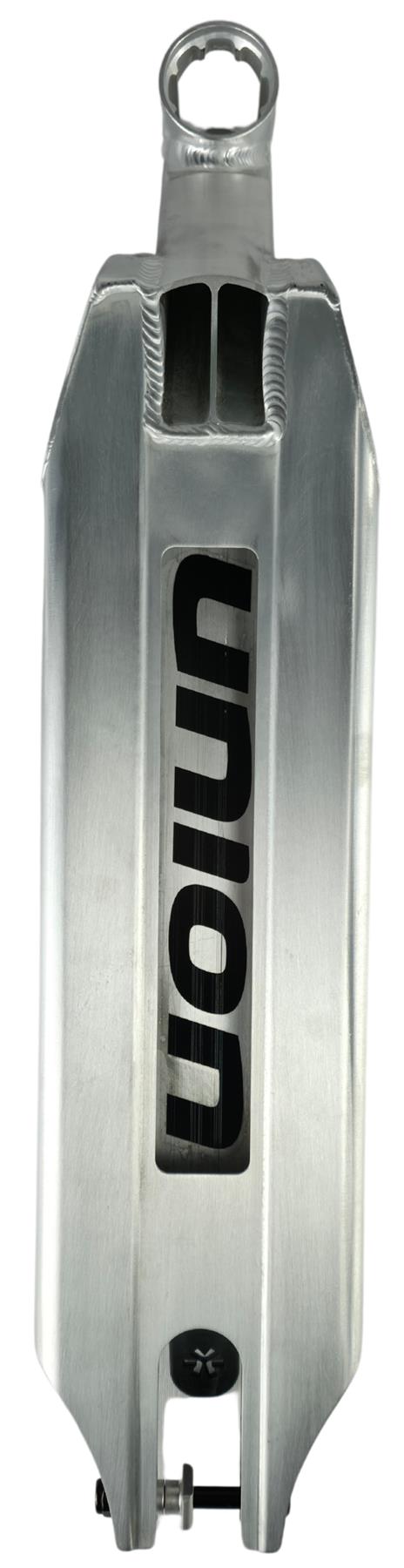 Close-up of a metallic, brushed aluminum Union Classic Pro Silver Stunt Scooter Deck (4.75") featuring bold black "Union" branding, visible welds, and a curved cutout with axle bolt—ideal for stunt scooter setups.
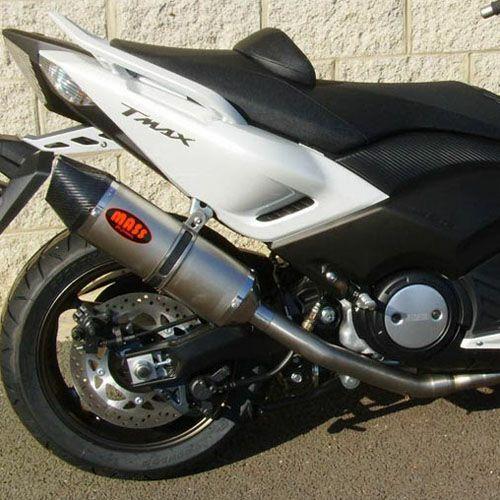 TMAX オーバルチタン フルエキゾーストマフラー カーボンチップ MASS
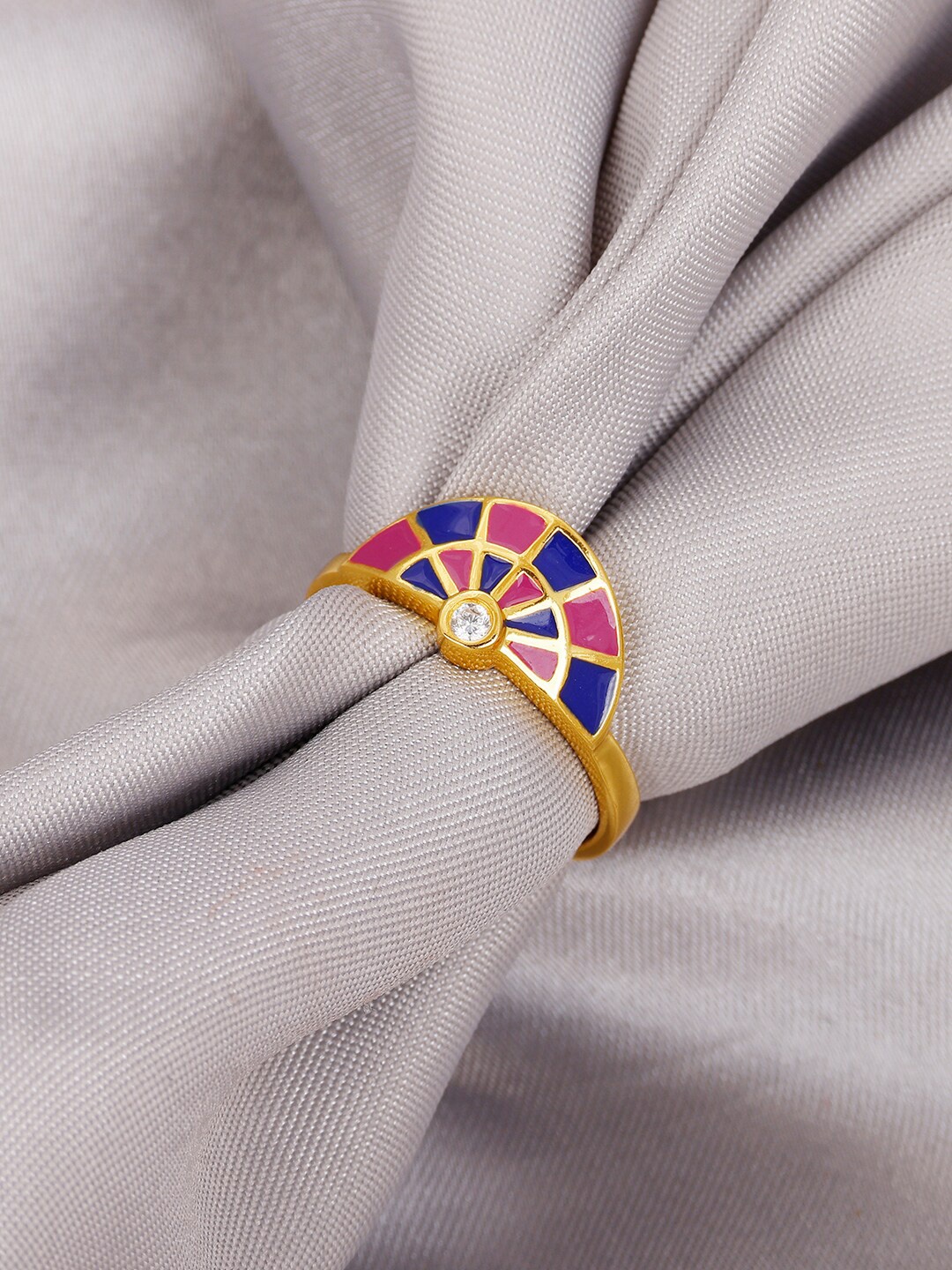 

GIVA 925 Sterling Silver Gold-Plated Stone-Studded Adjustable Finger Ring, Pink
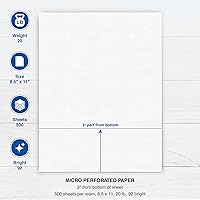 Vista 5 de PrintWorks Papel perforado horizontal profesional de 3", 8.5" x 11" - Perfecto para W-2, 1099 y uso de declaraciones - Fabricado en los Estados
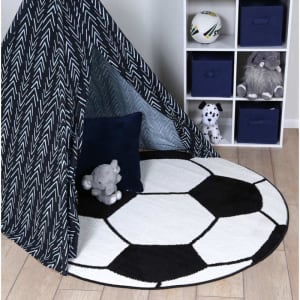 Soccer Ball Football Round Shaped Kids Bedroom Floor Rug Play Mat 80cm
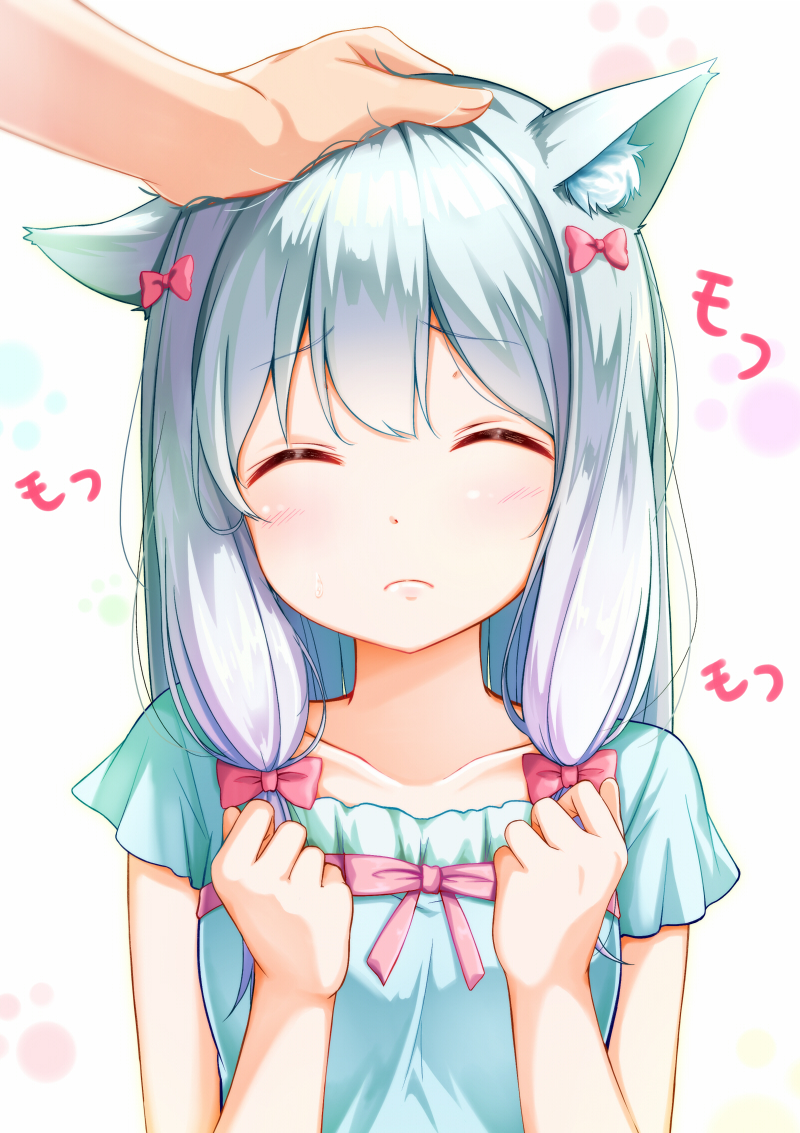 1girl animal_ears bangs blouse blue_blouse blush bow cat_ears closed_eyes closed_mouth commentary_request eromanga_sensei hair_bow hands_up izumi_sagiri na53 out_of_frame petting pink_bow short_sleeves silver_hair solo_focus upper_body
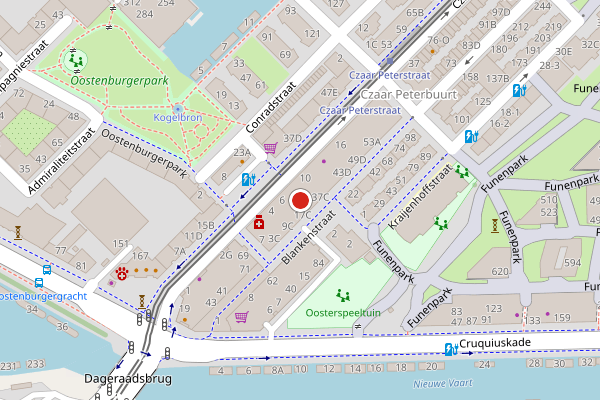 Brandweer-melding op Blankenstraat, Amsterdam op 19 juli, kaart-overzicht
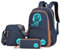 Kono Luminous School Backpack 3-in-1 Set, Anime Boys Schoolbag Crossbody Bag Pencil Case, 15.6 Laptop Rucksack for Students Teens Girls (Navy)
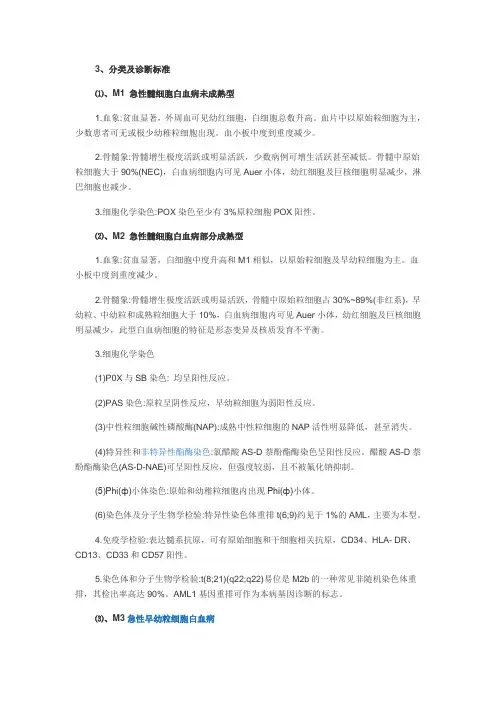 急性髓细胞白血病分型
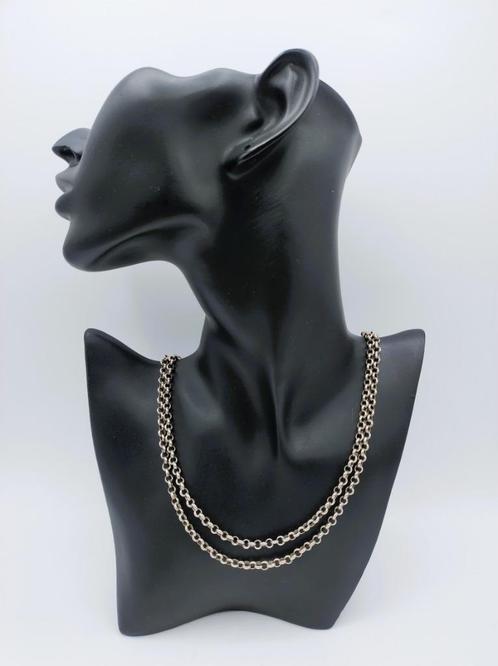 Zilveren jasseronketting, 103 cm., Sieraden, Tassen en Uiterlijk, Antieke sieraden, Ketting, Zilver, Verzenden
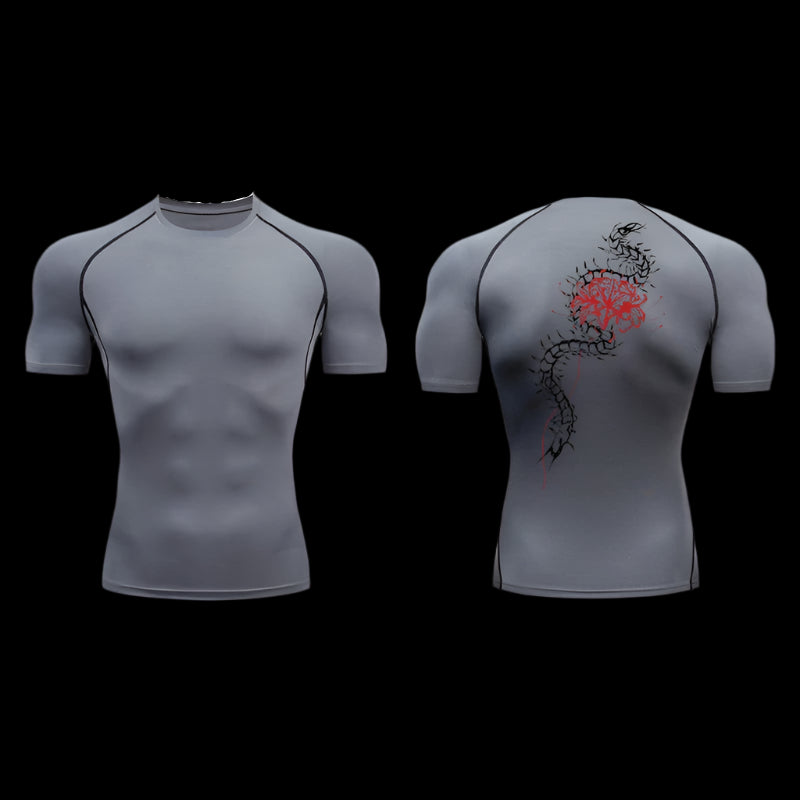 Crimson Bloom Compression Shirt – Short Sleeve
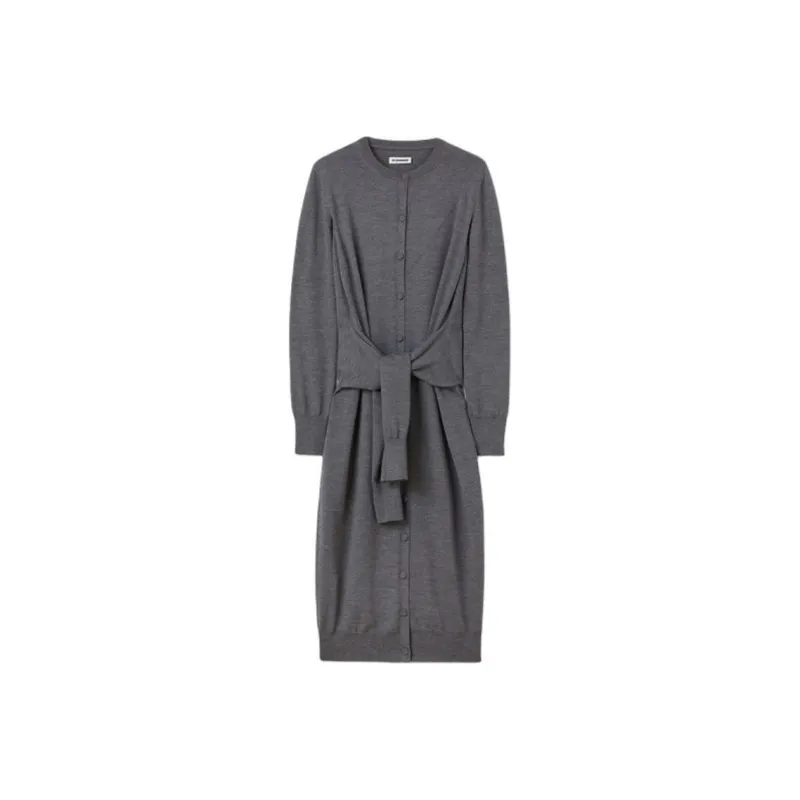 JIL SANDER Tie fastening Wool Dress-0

**What is being asked**: Every entry must be transcribed exactly. Pictures do not belong in the copy.

**Answer box**:
 Close-up of a metallic, brushed aluminum Union Classic Pro Silver Stunt Scooter Deck (4.75") featuring bold black "Union" branding, visible welds, and a curved cutout with axle bolt—ideal for stunt scooter setups.
 TMAX オーバルチタン フルエキゾーストマフラー カーボンチップ MASS

GIVA 925 Sterling Silver Gold-Plated Stone-Studded Adjustable Finger Ring, Pink
 Vista 5 de PrintWorks Papel perforado horizontal profesional de 3", 8.5" x 11" - Perfecto para W-2, 1099 y uso de declaraciones - Fabricado en los Estados
 Soccer Ball Football Round Shaped Kids Bedroom Floor Rug Play Mat 80cm
 1girl animal_ears bangs blouse blue_blouse blush bow cat_ears closed_eyes closed_mouth commentary_request eromanga_sensei hair_bow hands_up izumi_sagiri na53 out_of_frame petting pink_bow short_sleeves silver_hair solo_focus upper_body
 Brandweer-melding op Blankenstraat, Amsterdam op 19 juli, kaart-overzicht
 Kono Luminous School Backpack 3-in-1 Set, Anime Boys Schoolbag Crossbody Bag Pencil Case, 15.6 Laptop Rucksack for Students Teens Girls (Navy)
 急性髓细胞白血病分型
 Zilveren jasseronketting, 103 cm., Sieraden, Tassen en Uiterlijk, Antieke sieraden, Ketting, Zilver, Verzenden
 Crimson Bloom Compression Shirt – Short Sleeve
 JIL SANDER Tie fastening Wool Dress-0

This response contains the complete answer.